The Hurricanes have quietly built one of the best prospect pools in the NHL, one that has now experienced a four-round playoff grind.
Forward Martin Necas, selected by Carolina in the first round (No. 12) of the 2017 NHL Draft, had 13 points (five goals, eight assists) in 18 playoff games in his first AHL season. Center Morgan Geekie, a third-round (No. 67) pick in 2017, led all AHL rookies in playoff scoring with 18 points (eight goals, 10 assists) in 19 games. That total also tied him for second in the AHL with teammate Tomas Jurco. Forward Aleksi Saarela, who was traded to Carolina by the New York Rangers in the Eric Staal trade in 2016, had 15 points (seven goals, eight assists) in 17 playoff games after scoring a team-leading 30 regular-season goals.

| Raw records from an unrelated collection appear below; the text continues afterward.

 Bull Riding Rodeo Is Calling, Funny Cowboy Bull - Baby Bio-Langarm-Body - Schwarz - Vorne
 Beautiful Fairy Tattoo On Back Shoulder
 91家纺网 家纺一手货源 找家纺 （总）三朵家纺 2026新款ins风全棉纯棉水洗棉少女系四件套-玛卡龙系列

Forward Nicolas Roy, a fourth-round pick (No. 96) in the 2015 NHL Draft, had 15 points (six goals, nine assists) in 19 playoff games. Forward Julien Gauthier, the No. 21 pick in the 2016 NHL Draft, had eight points (five goals, three assists) in 17 playoff games.
Among defensemen, rookie Jake Bean, the No. 13 pick in 2016, was plus-10 with 26 shots on goal in 15 postseason games while Haydn Fleury, the No. 7 pick in the 2014 NHL Draft, had six points (two goals, four assists) and was a plus-seven.

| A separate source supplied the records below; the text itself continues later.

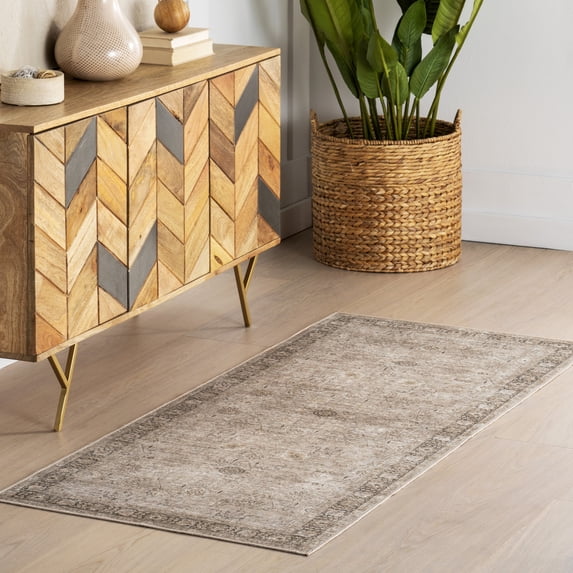 Bayberry Spill Proof Vintage Machine Washable Area Rug, 2' 6" x 10', Runner, Bayberry Sand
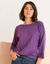 Pull col bateau manches 3/4 (parme)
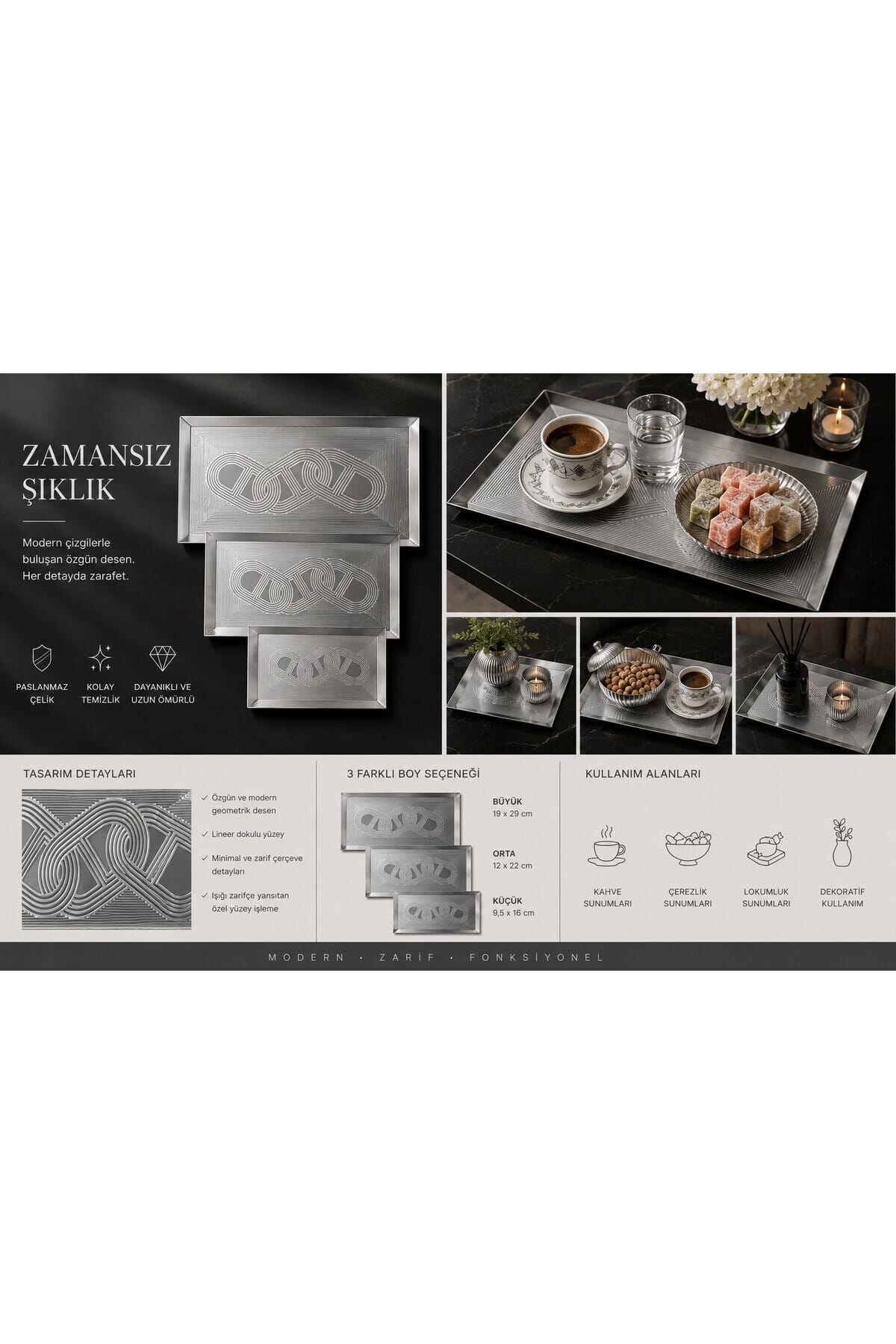 SHG Home 3lü Kahve Sunum Tepsi Seti - Görsel 3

Goalie Alex Nedeljkovic, selected in the second round (No. 37) in 2014, is a prime candidate for more work in Carolina next season after three busy AHL seasons. He has led AHL goalie in regular-season games in back-to-back seasons, including 51 in 2018-19.
Nedeljkovic was 10-4 with a 2.31 goals-against average and .916 save percentage in 15 playoff games. He was named to the AHL First All-Star Team and won the Aldege “Baz” Bastien Memorial Award as the AHL’s outstanding goalie in the regular season when he was 34-9-5 with a 2.26 GAA and .916 save percentage.

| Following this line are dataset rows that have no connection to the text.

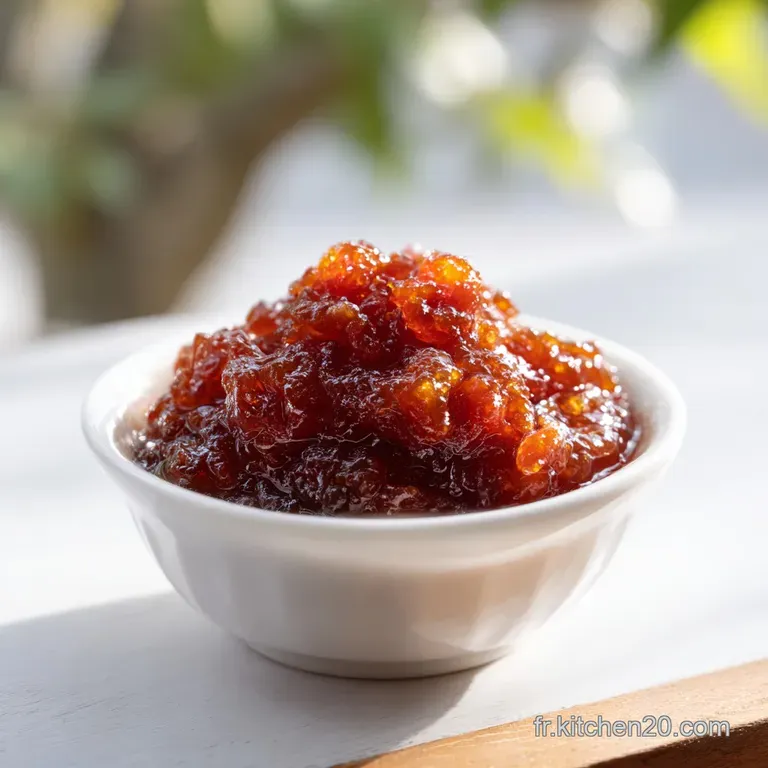 A delicate spoonful of amber quince confiture atop a golden-brown scone, glistening invitingly.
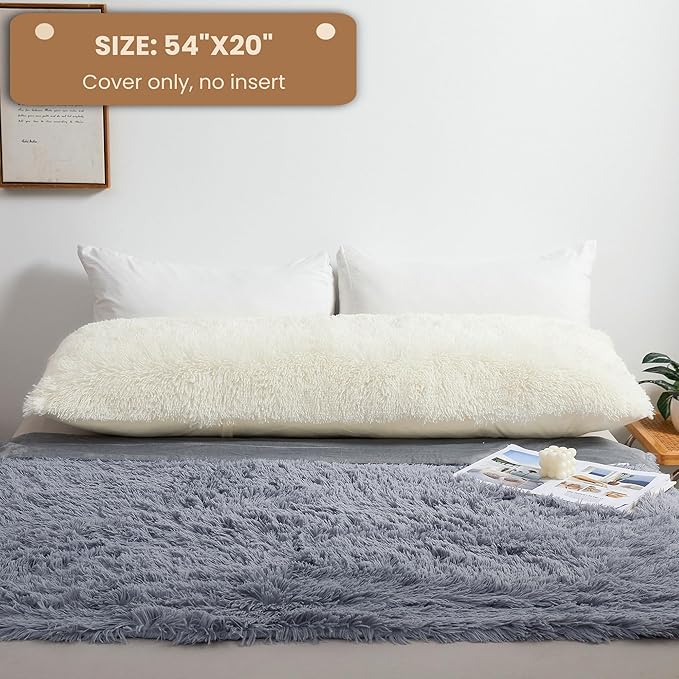 MEGO Fluffy Body Pillow Cover, 20x54 Shaggy Faux Fur Body Pillow Case, Ivory Comfy Plush Fuzzy Body Pillowcase, Furry Long Throw Bed Pillow Cover with Zipper for Adults Women Side Sleeper Cream Beige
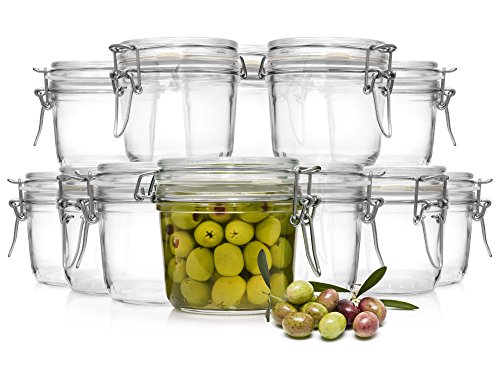 Bormioli Fido Gläser mit Bügelverschluss 12 teilig | Füllmenge 350 ml | Luftdichte Konservierung durch den Gummiring sowie den Drahtbügelverschluss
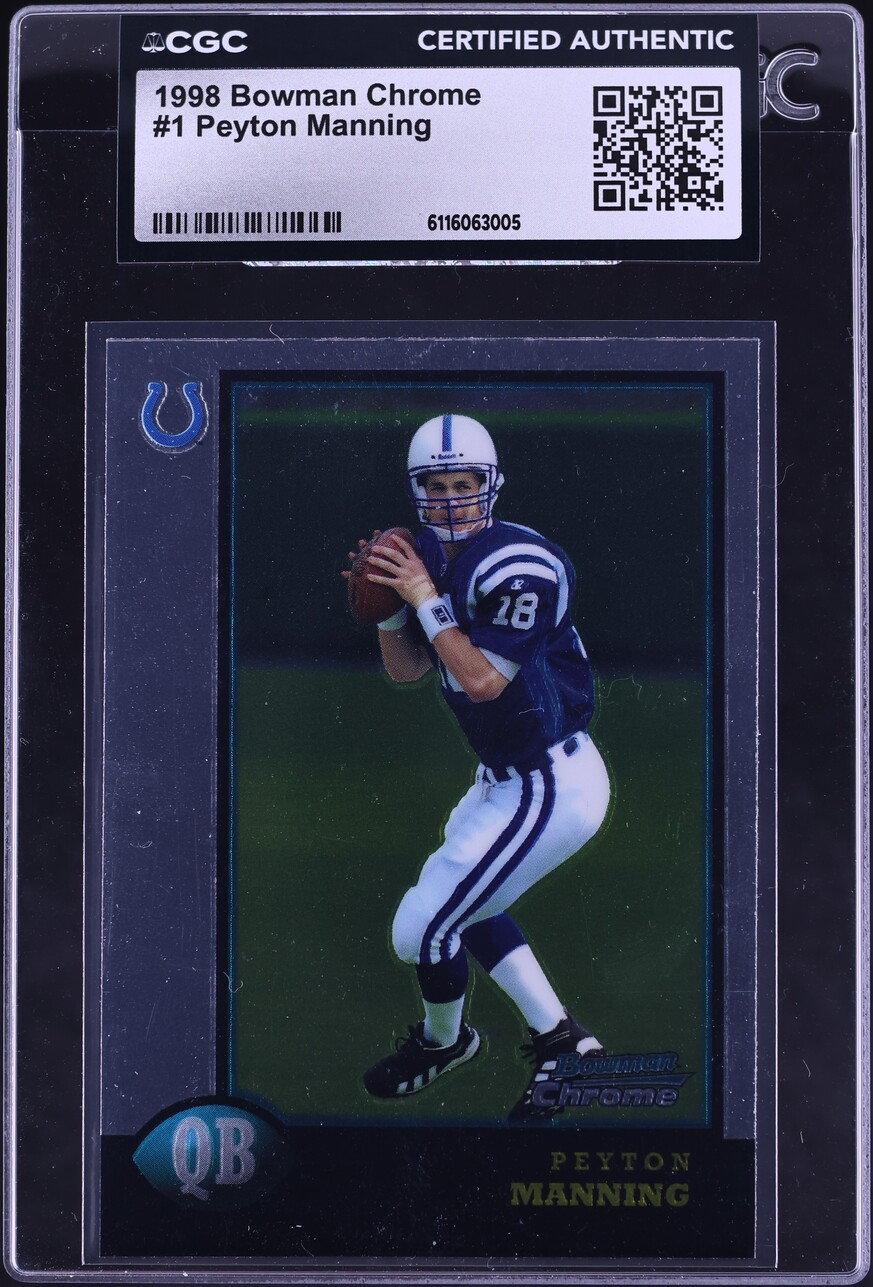 1998 Bowman Chrome Peyton Manning ROOKIE #165 CGC AUTH - Photo 1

Forward Andrew Poturalski was named the Jack A. Butterfield Trophy winner as the most valuable player in the Calder Cup Playoffs. Playing with a broken foot, Poturalski had 23 points (12 goals, 11 assists) in 18 games.
The 25-year-old, in his third season with Charlotte, formed part of a deep veteran core that helped guide Carolina’s young prospects. Captain Patrick Brown excelled in a variety of roles and also proved to be a useful NHL recall option. Jurco and Necas flourished together quickly.
“[Hurricanes general manager Don Waddell] believed in this group, believed in giving us good young players and surrounding them with awesome vets,” Charlotte senior vice president of hockey operations Derek Wilkinson said. “That’s the formula that works in the American League. It’s tried and true, but it’s hard to get to, and hard to do.”
Defensemen Trevor Carrick, Josiah Didier, Dan Renouf and Bobby Sanguinetti added experience for younger defenders like Bean and Jesper Sellgren.
Forward Zack Stortini offered guidance and was the first player to receive the Calder Cup from Brown. Veteran goalie Dustin Tokarski formed a top tandem with Nedeljkovic.
“It was all positive, and I couldn’t ask for a better guy to be there with you and to win it with,” Nedeljkovic said of Tokarski.
Behind the bench
Vellucci is 97-43-8-4 in two seasons with Charlotte, and this season had 11 players play for the Hurricanes.
Vellucci molded the talent into a cohesive, detail-oriented unit. The Charlotte penalty kill finished first in the regular season (86.6 percent), and the team finished second in goals-against per game (2.49). Charlotte limited opponents to 27.03 shots per game in the regular season, third-best in the AHL.
That brand of tenacious defense fueled an already potent offense that finished fifth in the regular season at 3.36 goals per game and first in the postseason (4.05).
Vellucci finished his fifth season in the Carolina organization after a strong career as coach and general manager with Plymouth, where he twice won Ontario Hockey League Coach of the Year honors.
His work with Charlotte had already attracted considerable attention, and a Calder Cup will only further solidify his credentials as a candidate for NHL coaching vacancies at some point.